相较于楚国的崩溃。
当夜,吴越王宫偏殿内。
钱元瓘坐在主位,下首坐着几人——胡进思、水丘昭券、章德安、钱弘僎。
这些都是他最信任的人,是吴越国的柱石。平日里各司其职,很少聚得这么齐。
今夜把他们召来,是因为有一件事,他拿不定主意。
他从袖中取出一封信,放在案上。信封已经被拆开,封口处还残留着蜡印,上面是楚国的纹章。
“马希钺的求援信。”钱元瓘的声音不高,却让殿内的气氛顿时沉凝起来。
“他派人秘密送来,说楚国危在旦夕,请我出兵相助,共抗李存勖。信中说,愿割让边境五州作为谢礼,日后两国永结盟好。”
殿内安静了片刻,众人眼中皆是愕然。
钱弘僎最先开口,声音里带着几分难以置信:“马希钺居然向咱们求援?”
他的眉头紧皱,脸上一副“马希钺是不是傻了”的表情。
水丘昭券摇了摇头,声音慢条斯理:“楚国与吴越并无深交,此番求援,不过是病急乱投医罢了。”
“天子大军压境,楚国的城池一座接一座陷落,马希钺坐困长沙,他能指望的,除了漠北,也就是咱们了。”
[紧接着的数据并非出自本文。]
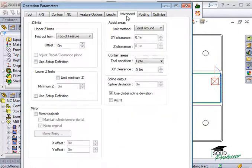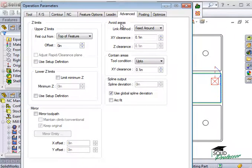On the Advanced tab, there are a few options for how contour operations will deal with avoid areas. I'll explain these options later in the section called Inserting Avoid Areas.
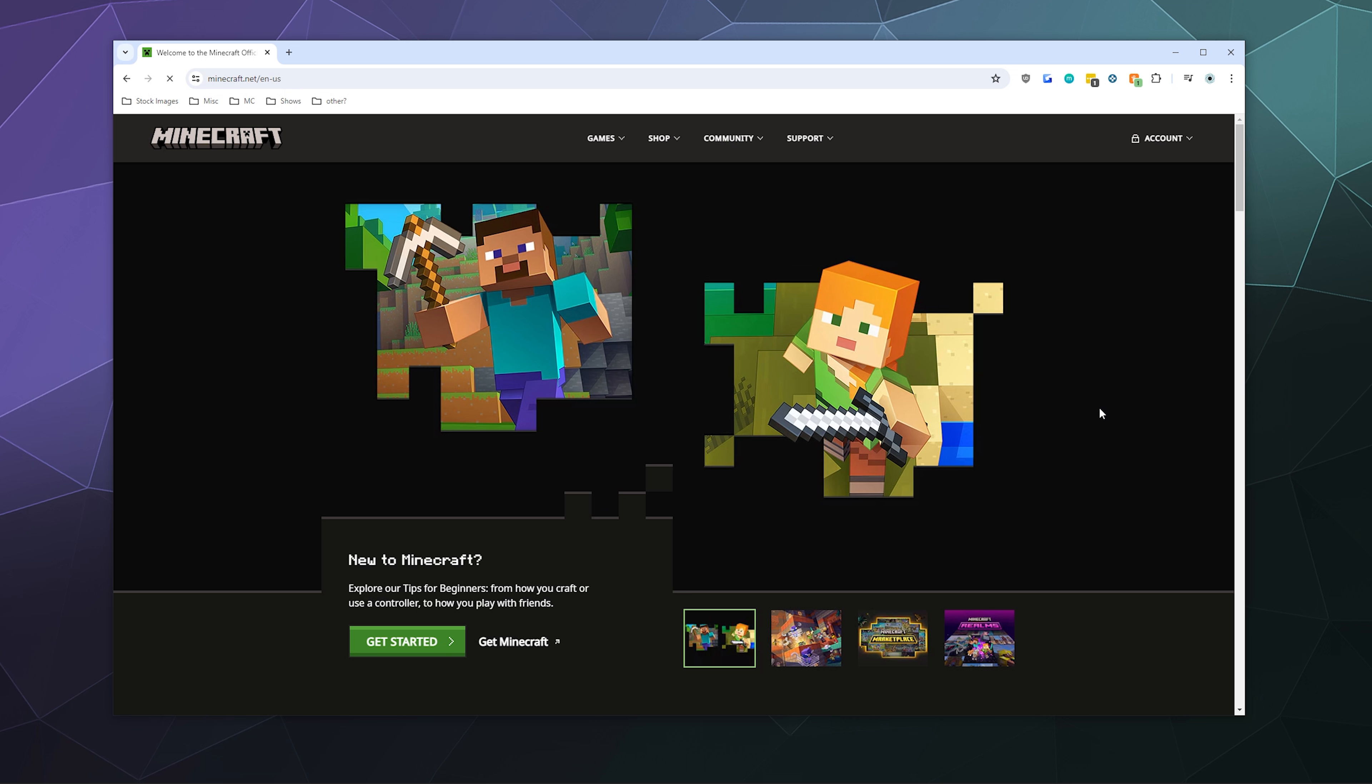So the first thing you do is head over to Minecraft.net and then go to your account. You can go ahead and click on the button in the upper right hand corner.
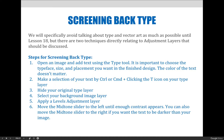Then hide your original type layer by clicking on the little eyeball to the left of the layer — you don't want to see it anymore. Next, select the background image and make sure that your text selection, your marching ants marquee, is still active.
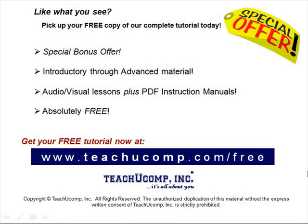Like what you see? Pick up your free copy of the complete tutorial at www.teachucomp.com/free.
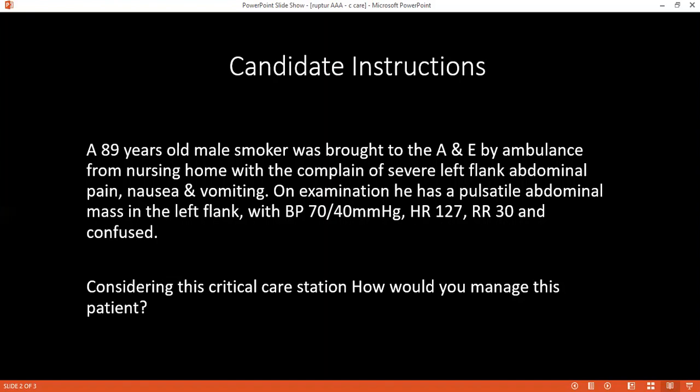Have you heard of the cell saver or blood salvage technique? Yes — the cell saver collects blood lost during surgery and re-infuses it back into the same patient.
他顿了顿,“只是……漠北远在千里之外,蜀国已亡,楚国孤立无援。他这个时候想起咱们,未免太晚了些。”
章德安没有说话,面容方正,看不出什么。
他是武将,不擅长这些弯弯绕绕的事。自然不多嘴。
胡进思坐在下首,也不说话。
钱元瓘的目光从众人脸上扫过,最后落在胡进思身上。
“克开,”他开口,声音里带着几分询问,“你怎么看?”
胡进思对上钱元瓘的目光。他的面容粗犷,眉宇间透着几分悍勇,可那双眼睛里,却有着与外表不相称的沉凝。
他是吴越国的武官之首,打了半辈子仗,什么风浪没见过,远比在座的众人淡定得多。
“大王,”他开口,声音不高,却字字清晰,“臣以为,马希钺的求援,不必理会。”
钱弘僎一愣,忍不住开口:“胡令公,马希钺愿意割让五州,这可是实打实的好处。咱们若是……”
“若是?”胡进思打断他,目光凌厉,“大郎君可知,若是咱们出兵助楚,天子会怎么想?”
“盛怒之下,别说五州,就连吴越都得搭进去。”
钱弘僎张了张嘴,想反驳,可对上胡进思那双冷厉的眼睛,到了嘴边的话又咽了回去。